James C. Neill distracted the Mexican forces with artillery fire on the Alamo before dawn on December 5, while Benjamin R. Milam and Francis W. Johnson led two divisions in a surprise attack that seized the Veramendi and Garza houses north of the plaza in San Antonio. Mexican cannon and musket fire kept the Texans from advancing farther during the day and silenced one of their cannons.  That night and the next day the Texans destroyed some buildings close to them and dug trenches to connect the houses they occupied. On December seventh the Texans captured another nearby house, but Milam died from a sharpshooter's bullet. Johnson then directed another night attack that seized the Navarro house.  Burleson sent 100 men into town to join the Texan force that captured the buildings of Zambrano Row in hand-to-hand fighting. Cos ordered his cavalry to threaten the Texan camp, but they found it well defended. That night Cooke with two companies seized the priest's house on the main plaza, but they seemed cut off from the Texas army.
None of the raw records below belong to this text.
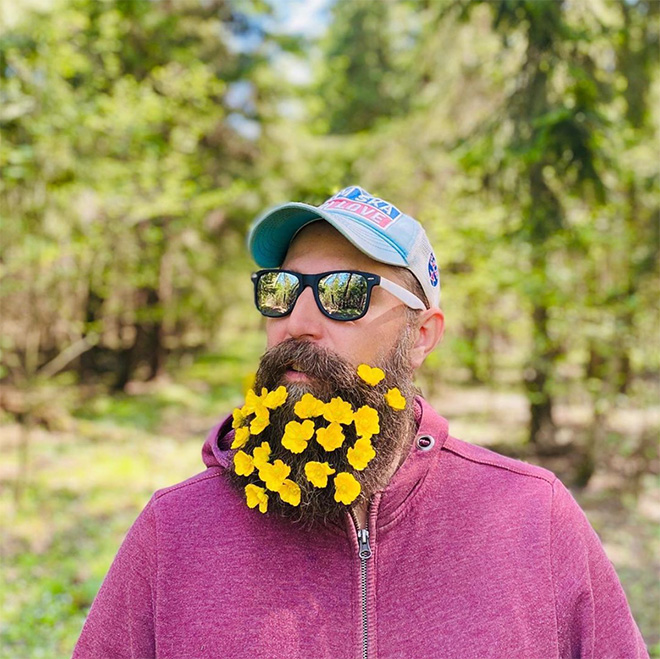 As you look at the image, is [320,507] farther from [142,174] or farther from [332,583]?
[142,174]

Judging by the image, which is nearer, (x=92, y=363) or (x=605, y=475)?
(x=605, y=475)

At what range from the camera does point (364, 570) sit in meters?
1.31

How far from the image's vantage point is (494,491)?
143 centimetres

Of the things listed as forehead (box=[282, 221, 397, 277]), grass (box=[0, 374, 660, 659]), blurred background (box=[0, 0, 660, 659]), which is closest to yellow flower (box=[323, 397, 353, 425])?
forehead (box=[282, 221, 397, 277])

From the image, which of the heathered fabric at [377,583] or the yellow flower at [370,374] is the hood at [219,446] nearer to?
the heathered fabric at [377,583]

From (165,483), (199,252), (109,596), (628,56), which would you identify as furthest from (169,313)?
(109,596)

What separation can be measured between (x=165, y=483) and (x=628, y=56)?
22.7 feet

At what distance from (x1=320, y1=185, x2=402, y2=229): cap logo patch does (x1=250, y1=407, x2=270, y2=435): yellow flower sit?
516 mm

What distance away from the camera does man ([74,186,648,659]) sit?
1.26 m

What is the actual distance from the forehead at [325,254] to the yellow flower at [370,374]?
0.24 m

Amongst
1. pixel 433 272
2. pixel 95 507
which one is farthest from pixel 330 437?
pixel 95 507

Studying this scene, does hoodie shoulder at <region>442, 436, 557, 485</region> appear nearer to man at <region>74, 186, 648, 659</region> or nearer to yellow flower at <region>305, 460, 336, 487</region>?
man at <region>74, 186, 648, 659</region>

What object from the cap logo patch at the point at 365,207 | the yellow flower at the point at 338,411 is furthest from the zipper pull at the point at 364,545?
the cap logo patch at the point at 365,207

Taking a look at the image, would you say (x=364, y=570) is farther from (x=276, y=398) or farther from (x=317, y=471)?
(x=276, y=398) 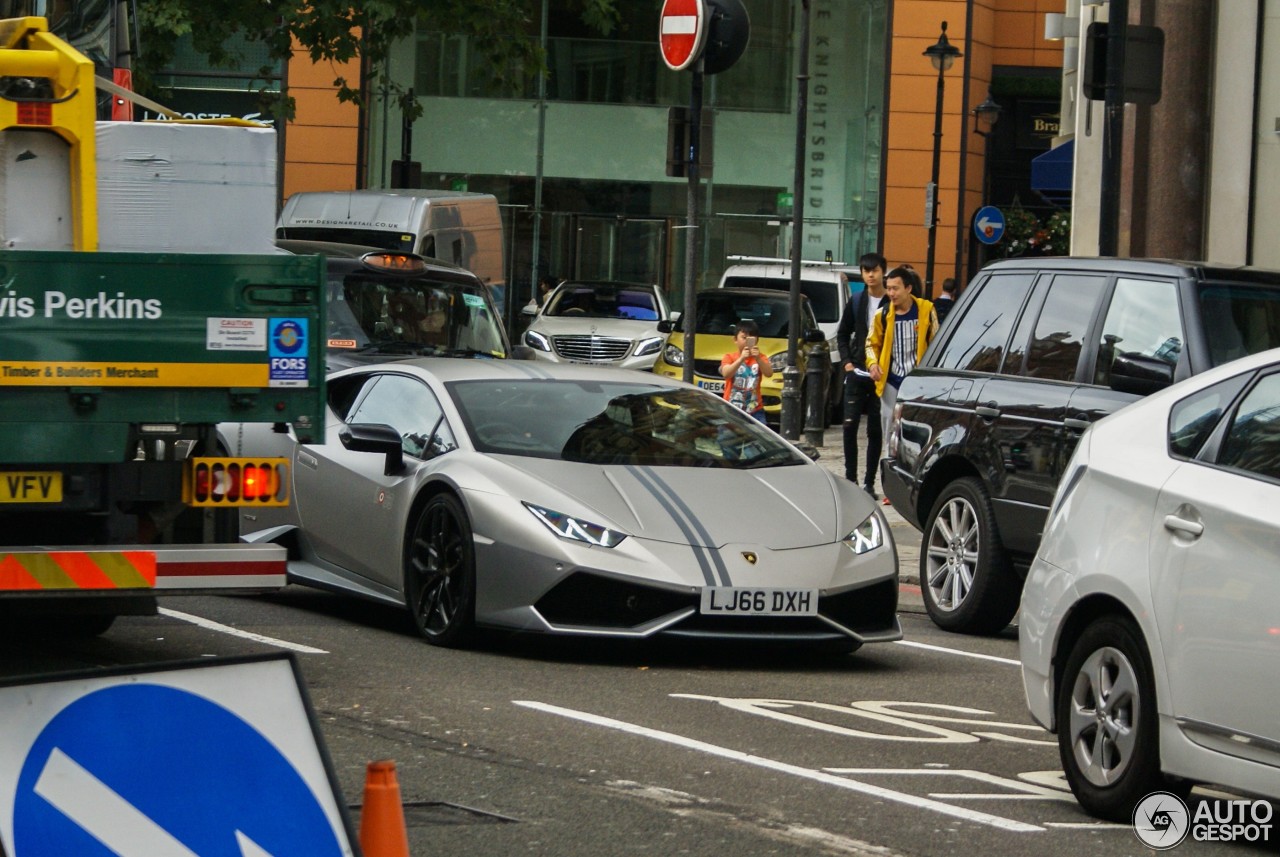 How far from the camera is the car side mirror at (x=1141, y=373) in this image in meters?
9.50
When the Mexican General Cos sought to concentrate his troops at the Alamo, four companies of his cavalry rode away rather than continue the struggle. General Cos then asked for surrender terms on the morning of December 9. Burleson accepted the surrender of most Mexican equipment and weapons, but allowed General Cos and his men to retire southward because neither army had supplies to sustain a large group of prisoners.

Texas casualties numbered thirty to thirty-five, while Mexican losses, primarily in the Morelos Infantry Battalion, which defended San Antonio, totaled about 150; the difference reflected the greater accuracy of the Texans' rifles. Most of the Texas volunteers went home after the battle, but Texas troops remained in town, which, with General Cos’s withdrawal, left San Antonio and all of Texas under the Texans’ control.